Vivre la «Légèreté d’être» à la Galerie Clairefontaine

Peu de titres de roman auront autant inspiré le monde culturel que «L’Insoutenable Légèreté de l’être» (Nesnesitelná lehkost byt) de l’écrivain tcheque Milan Kundera et, dans la plupart des cas, avec fort peu ou sans aucun rapport avec la signification originale du titre. Cependant, le moins que je puisse dire, après avoir visité un samedi pas tout à fait comme les autres (1) ce riche pôt-pourri d’oeuvres d‘art à laGalerie Clairefontaine (2), i.e. «The Lightness of being», c’est que son titre (en français: la légèreté d’être), est parfaitement mérité. Déjà la magnifique photographie de James Nachtwey, «Southafrica 1992», ou la peinture de Roland Schauls, «Ausweglos im Süden», figurant sur l’invitation à l’expo, en témoignent parfaitement. Et que dire de l’extraordinaire «Fontaine du grand palais» à la beauté quasi-abstraite de Lucien Clergue, «saisie au vol» il y a déjà plus d’un demi siècle!? Certes, pour peu que vous ayez pris la bonne (tout est relatif) habitude de me suivre dans mes pérégrinations artistico-voyeuristes à travers les musées et galeries de Luxembourg, vous retrouverez quelques vieilles connaissances, ainsi qu’un certain nombre d’oeuvres – peintures, dessins ou photos – déjà vues.
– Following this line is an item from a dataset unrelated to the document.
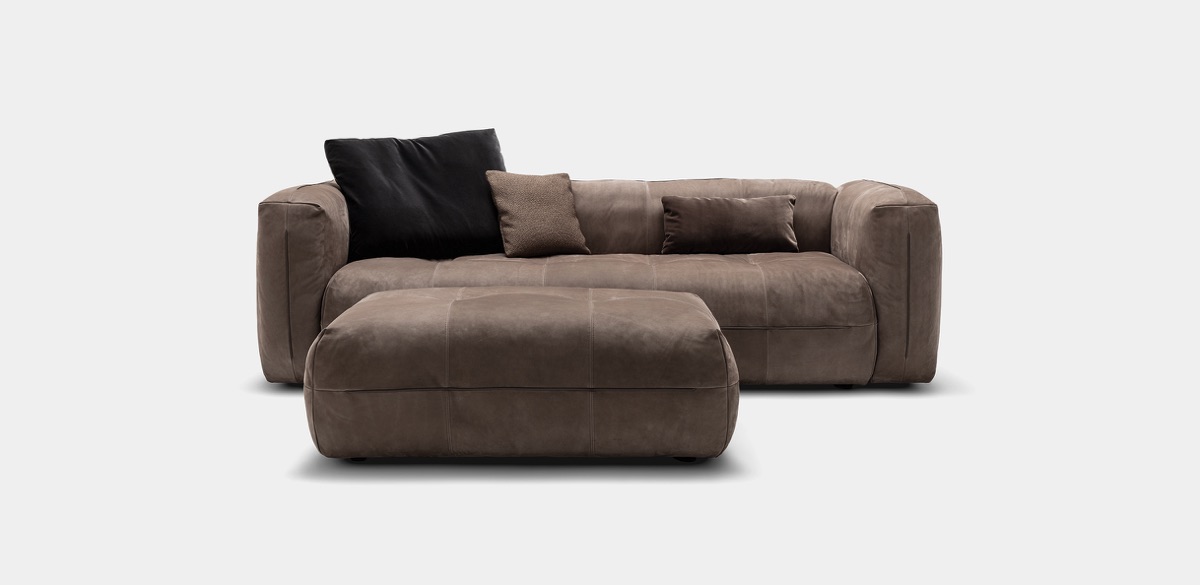 Rolf Benz Sofa MOYO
Mais ne craignez rien. À part le fait que des chefs-d’oeuvre comme la pose glamour «Katya Pushkina» du photographe italien Giovanni Gastel valent toujours une seconde visite, les découvertes ne manquent pas parmi les travaux de ces artistes exposés. J’ignore d’ailleurs dans quelle mesure vous-vous souvenez de leurs noms; mais en voici quelques-uns pour mémoire. Joe Allen, Edward Burtinsky, Lucien Clergue, Bert Danckaert, Marie & Gislain David de Lossy, Christine Henn, William Klein, Dietrich Klinge, Yvon Lambert, Nina Mambourg, Tung-Wen Margue, Michael Medinger, James Nachtwey, Helmut Newton, Martin Parr, Raoul Ries, Roland Schauls, Stylianos Schicho, HA (3) Schult, Gerhard Richter, Oscar Bronner, Anselm Kiefer, Jörg Immendorff, etc. Excusez du peu! Il y a là presque de quoi y perdre son latin, mais surement pas l’amour de l’art, ni l’intérêt pour tous ces artistes et leurs créations, que nos galeries nous offrent à voir, saison après saison, contribuant ainsi, un peu comme les musées, mais sans doute avec plus de proximité, autant au plaisir de nos yeux qu’à notre enrichissement culturel.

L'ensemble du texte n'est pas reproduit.